Вопрос, собственно, в заголовке.

----------


## Нико

А что нужно-то? Правильно транскрибировать это на русском, или что-то другое?)

----------


## Юй Кан

> Вопрос, собственно, в заголовке.


Prajñapti-vāda = Праджняпти-вада

----------

Shus (12.05.2015), Нико (12.05.2015)

----------


## Shus

> Prajñapti-vāda = Праджняпти-вада


Вы уверены?
Т.е. и Prajñā и Prajña одинаково транскрибируются через "Я".
Речь вроде бы идет о термине "праджнапти", к "праджня" он отношения не имеет.

----------


## Shus

> А что нужно-то? Правильно транскрибировать это на русском, или что-то другое?)

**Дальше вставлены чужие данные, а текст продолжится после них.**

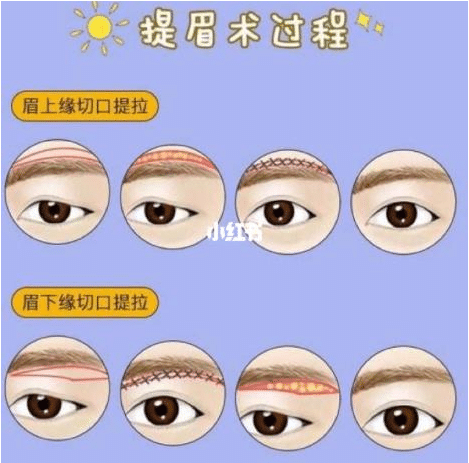 切眉手术的原理是什么?切眉手术能解决什么问题?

Как правильно транскрибировать на русском.

Перевожу "Откуда есть пошла махаяна" :Big Grin:

----------


## Vladiimir

http://www.fshq.ru/ENCYCLOPEDIA_OF_B...Prajnapti.html

----------

Shus (12.05.2015)

----------


## Shus

> http://www.fshq.ru/ENCYCLOPEDIA_OF_B...Prajnapti.html


Спасибо. Я видел это статью.
Смутили разные смысловые значения и разные написания (Prajñā и Prajña).

----------


## Нико

> Спасибо. Я видел это статью.
> Смутили разные смысловые значения и разные написания (Prajñā и Prajña).


Ммм. "Праджня" она какой была, така и есть).

----------


## Юй Кан

> Вы уверены?
> Т.е. и Prajñā и Prajña одинаково транскрибируются через "Я".
> Речь вроде бы идет о термине "праджнапти", к "праджня" он отношения не имеет.

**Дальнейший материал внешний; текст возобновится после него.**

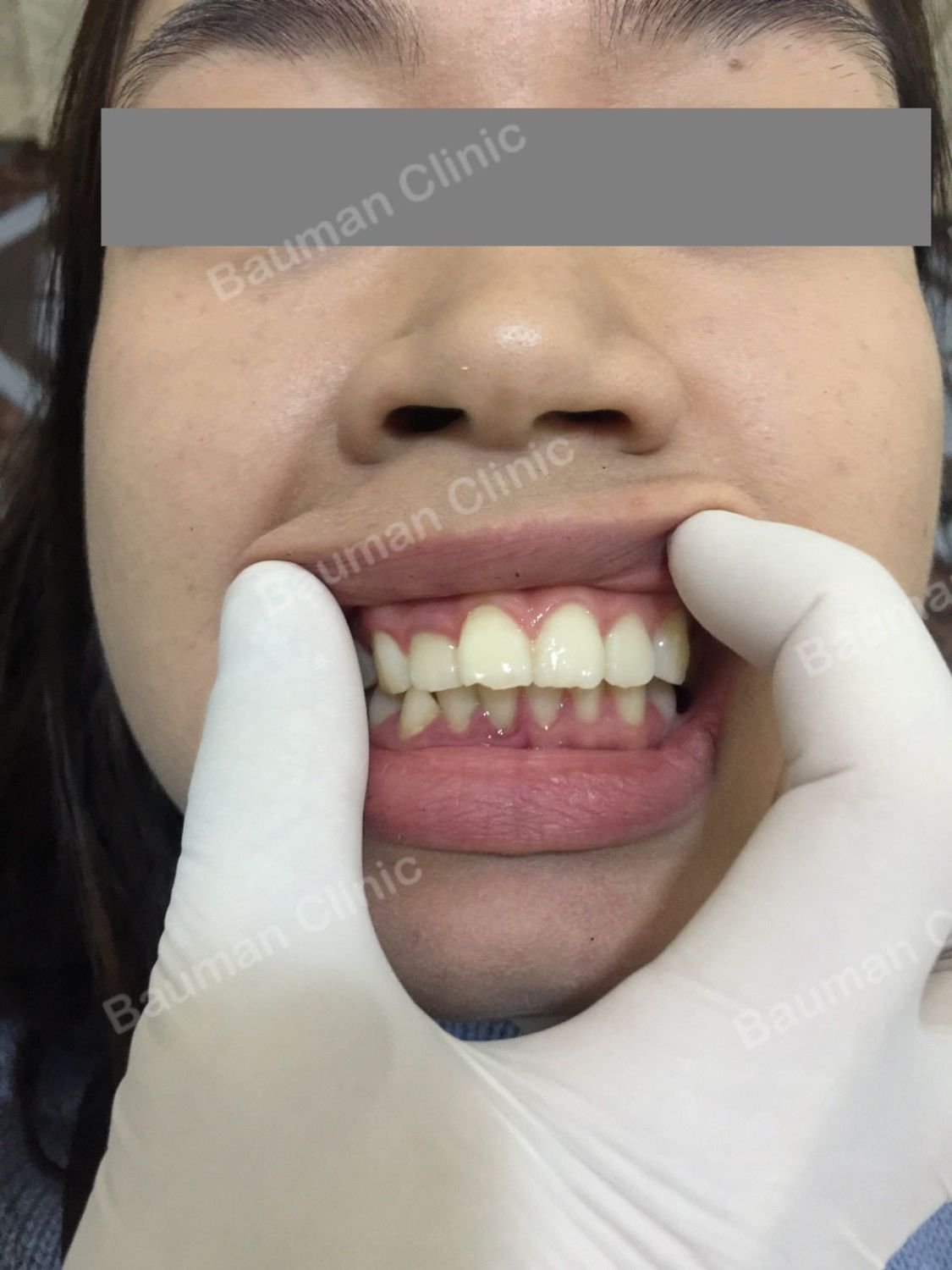 Ca niềng răng số 5028 - Nha khoa Bauman Clinic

Был бы неуверен -- смолчал бы. : )
Тут во втором слоге (т.е. -- в корне слова: jña/jñā) стоит такая спец. : ) согласная, какая смягчает последующее _а_ (долгое или краткое -- без разницы).
Аналогично -- _аджня_, _джняни_, _джнянин_ и т.п.

----------

Legba (15.05.2015), Shus (12.05.2015), Балдинг (12.05.2015), Нико (12.05.2015)

----------


## Юй Кан

> Ммм. "Праджня" она какой была, така и есть).

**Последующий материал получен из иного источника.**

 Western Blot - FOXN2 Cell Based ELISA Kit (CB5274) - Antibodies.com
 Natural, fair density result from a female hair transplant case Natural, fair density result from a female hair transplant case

Не совсем так. Хотя prajñā и prajña (с конечным долгим или кратким) могут быть вариантами написания одного и того же слова...
Но значений у варианта с _-ā_ ощутимо больше.

----------

Балдинг (12.05.2015)

----------


## Нико

> Не совсем так. Хотя prajñā и prajña (с конечным долгим или кратким) могут быть вариантами написания одного и того же слова...
> Но значений у варианта с _-ā_ ощутимо больше.


И что Вы предлагаете?

----------


## Нико

У нас, у русских, с произношением "тыр-быр" всё равно. На санскрите мы пытаемся выразить мысль, или на тибетском. Если на последнем, тибетцы спрашивают: "Это амдосская девочка говорила?". И т.п.)

----------


## Юй Кан

> И что Вы предлагаете?


Уже лет пять минимум персонально Нико предлагаиццо юзать *словарь Монье-Вильямса*. : ) Посильно учитывая, разумеиццо, фонетику.

----------


## Нико

> Уже лет пять минимум персонально Нико предлагаиццо юзать *словарь Монье-Вильямса*. : )


Не забывайте историю про то, что Вы -- корректор).

----------


## Юй Кан

> Не забывайте историю про то, что Вы -- корректор).


Май, кончайте флуд, а? %) (Это, если угодно, такая тут вот корректура.)

----------